Monday, October 27, 2014

Chapel Talk


I spent hours sitting in my bed, kicking off sheets and blankets in frustration, to leave me staring at a blank word document on my computer screen. I struggled to write this essay more than others; it was like I couldn’t think for my self anymore. I was stressing about topics to make my teacher happy, ideas that would give me a good grade, and perspectives that weren’t my own. It hadn’t fazed me until then that I was writing for acceptance. My complete paragraphs weren’t something I have felt extremely passionate about; they echoed what I had been taught in the past to care about. But it’s a funny thing to write what you want, I can feel somewhere that I know what I want to write about, but it is never surfaced for the fear someone will hear my own opinions and disagree with them.
            I’m not angry with the fact I couldn’t come up with words for myself, I angry with myself suppressing all of the thoughts I hear rambling in my head all day long, the ones that I never allow to slip past the barrier and out of my mouth. So many times I keep what I’m thinking to myself, and I don’t think its because I’m embarrassed about what I have to say, but I think that if someone tells me I’m wrong, I’ll never share what I have to say again. So in efforts to preserve my ability to speak, I have become selective about the things I allow myself to say. But in years of closing myself off from the disproval from others, I have silenced my self even further than I imagined disapproval would. It’s a rare sight now to see my hand waving in the air to answer a question in class, for me to walk up and introduce myself to someone first, or for me to engage someone in conversation.
            For my eighth grade graduation, I had the help of a teacher I had only met twice to write my speech.

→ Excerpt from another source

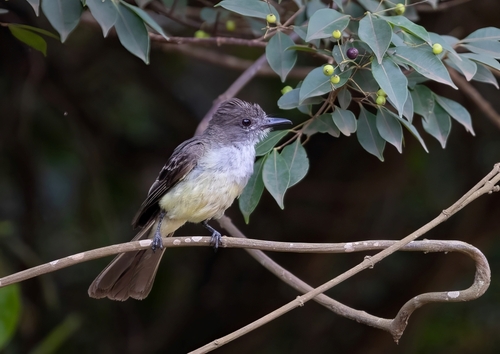 Short-crested Flycatcher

I wrote three and a half pages about how wonderful our class was, how well we behaved and how I had faith that even after years apart, we would still all remain just as close; I didn’t believe a word about anything I said. I reiterated what I was told was expected of the presidential speech, as I’m sure was told to the previous speech givers before me. I still regret not saying what I wanted to say in front of my class and all of our parents; so I’m going to say it now. Thank you for ten great years together as a class. Some of us are going to hold onto these years for as long as we can, but I don’t recommend that. Don’t take these years for granted, because they don’t come back, but don’t be ashamed to move on with the rest of your life. I’m going to a different school than most of you, and there’s a chance I’m not going to see some you again, but you have all altered my life in some way or another, and I probably haven’t told you, but thank you.

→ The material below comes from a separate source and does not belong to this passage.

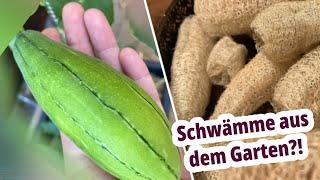 Erfolgreich Luffa anbauen | Ernte deine eigenen Schwämme!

            I regret not saying what I believed in that gymnasium every time I bump into a former classmate. I had the un-wavering attention of a few hundred people all at one instant, listening to what I had to say, and I used my minutes echoing what my teachers expected me to say in fear of disappointing people.  Although I still struggle expressing what I’m feeling and thinking, I realize now I shouldn’t hold back what I think, and slowly I’m getting to a point where I no longer worry about these thoughts anymore.